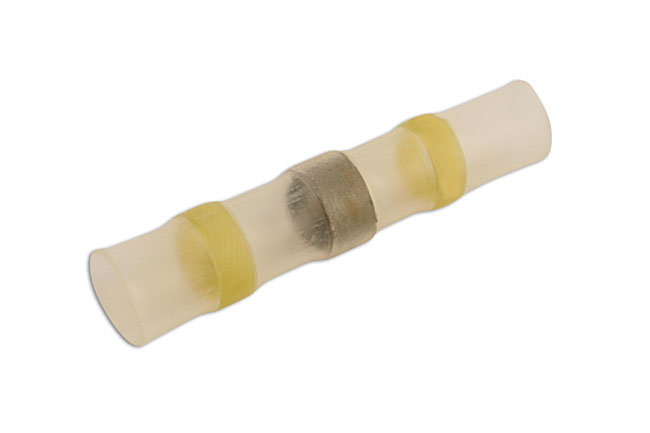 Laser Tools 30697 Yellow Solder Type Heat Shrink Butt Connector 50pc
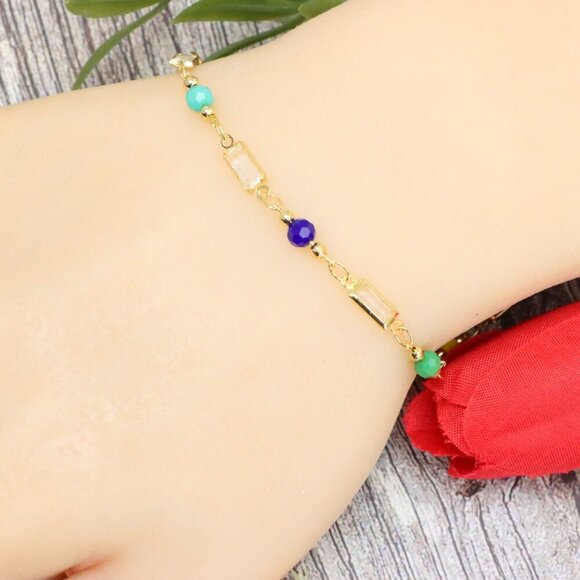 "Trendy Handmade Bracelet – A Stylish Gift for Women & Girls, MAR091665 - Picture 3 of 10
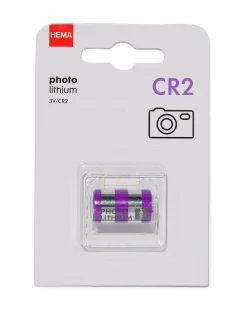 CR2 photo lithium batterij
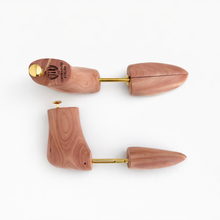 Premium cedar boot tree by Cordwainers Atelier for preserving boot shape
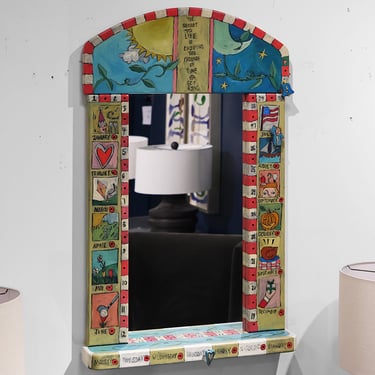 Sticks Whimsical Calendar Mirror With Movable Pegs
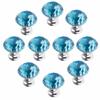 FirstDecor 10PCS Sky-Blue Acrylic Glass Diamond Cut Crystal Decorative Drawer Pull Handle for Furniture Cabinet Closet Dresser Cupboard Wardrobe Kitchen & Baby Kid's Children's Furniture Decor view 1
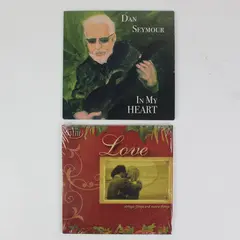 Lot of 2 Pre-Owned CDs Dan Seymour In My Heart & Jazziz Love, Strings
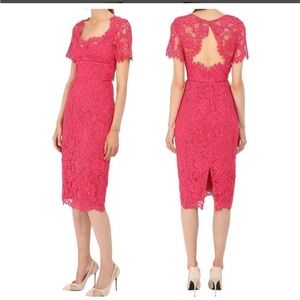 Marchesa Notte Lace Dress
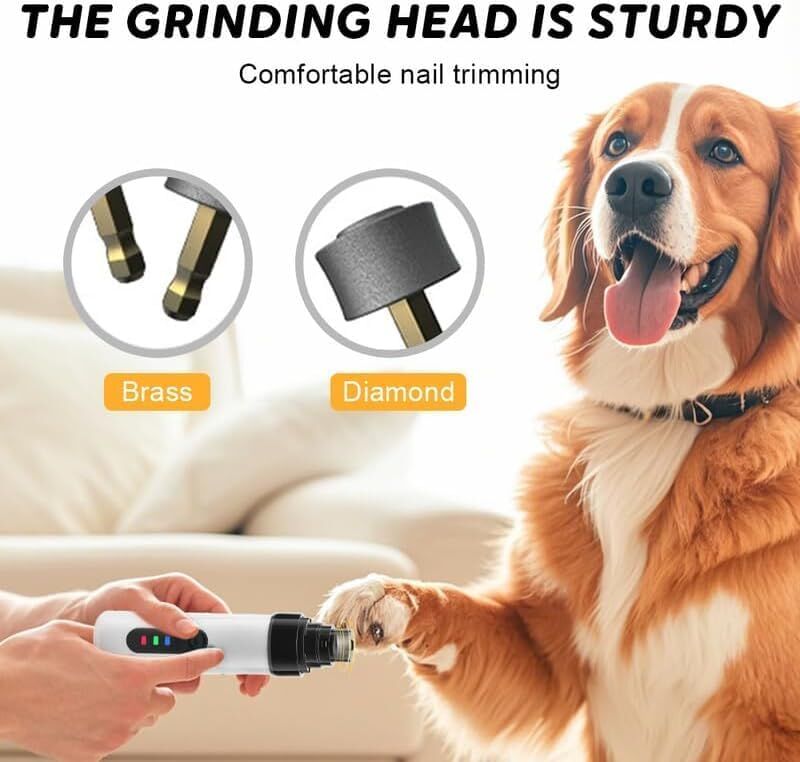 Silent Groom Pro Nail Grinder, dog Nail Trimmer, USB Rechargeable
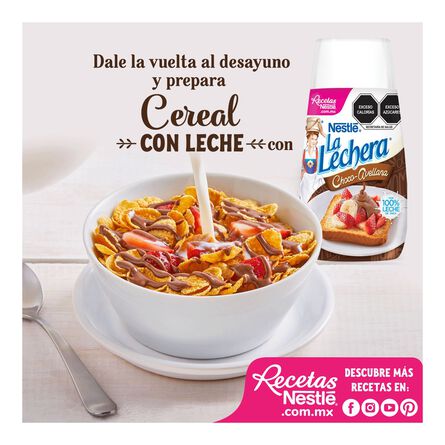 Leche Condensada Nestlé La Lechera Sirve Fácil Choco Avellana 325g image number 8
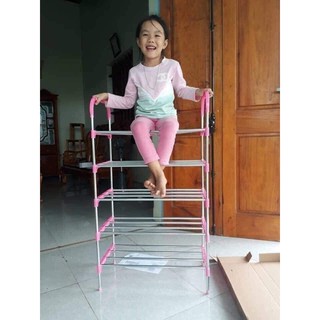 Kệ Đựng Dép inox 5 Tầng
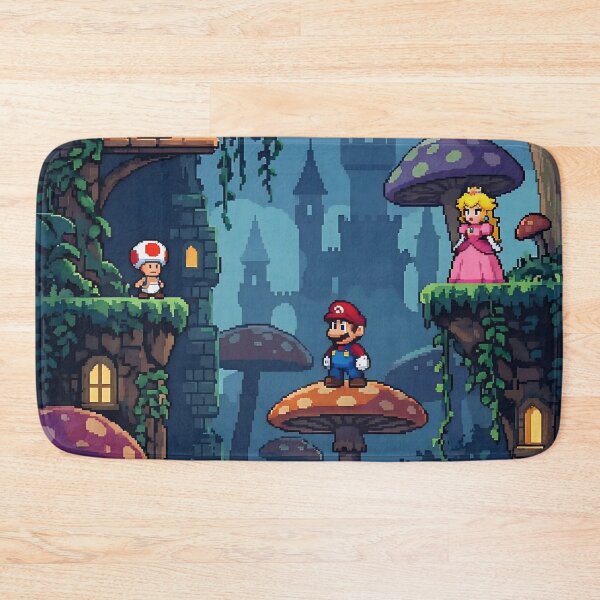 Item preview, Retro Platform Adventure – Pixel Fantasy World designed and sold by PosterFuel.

==

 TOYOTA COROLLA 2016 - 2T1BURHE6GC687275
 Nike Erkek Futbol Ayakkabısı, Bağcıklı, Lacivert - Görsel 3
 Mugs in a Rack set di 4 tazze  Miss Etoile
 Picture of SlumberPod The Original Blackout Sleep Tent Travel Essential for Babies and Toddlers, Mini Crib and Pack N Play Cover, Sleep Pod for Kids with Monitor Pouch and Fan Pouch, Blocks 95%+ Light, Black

__WHAT THE EXERCISE ASKS__. Extract the part of the records that opens with the line containing "FirstDecor 10PCS Sky-Blue" and closes with the line containing "Item preview, Retro". Take only those lines, exactly, and no pictures.

__REPLY__.
 FirstDecor 10PCS Sky-Blue Acrylic Glass Diamond Cut Crystal Decorative Drawer Pull Handle for Furniture Cabinet Closet Dresser Cupboard Wardrobe Kitchen & Baby Kid's Children's Furniture Decor view 1
 Lot of 2 Pre-Owned CDs Dan Seymour In My Heart & Jazziz Love, Strings
 Marchesa Notte Lace Dress
 Silent Groom Pro Nail Grinder, dog Nail Trimmer, USB Rechargeable
 Leche Condensada Nestlé La Lechera Sirve Fácil Choco Avellana 325g image number 8
 Kệ Đựng Dép inox 5 Tầng
 Item preview, Retro Platform Adventure – Pixel Fantasy World designed and sold by PosterFuel.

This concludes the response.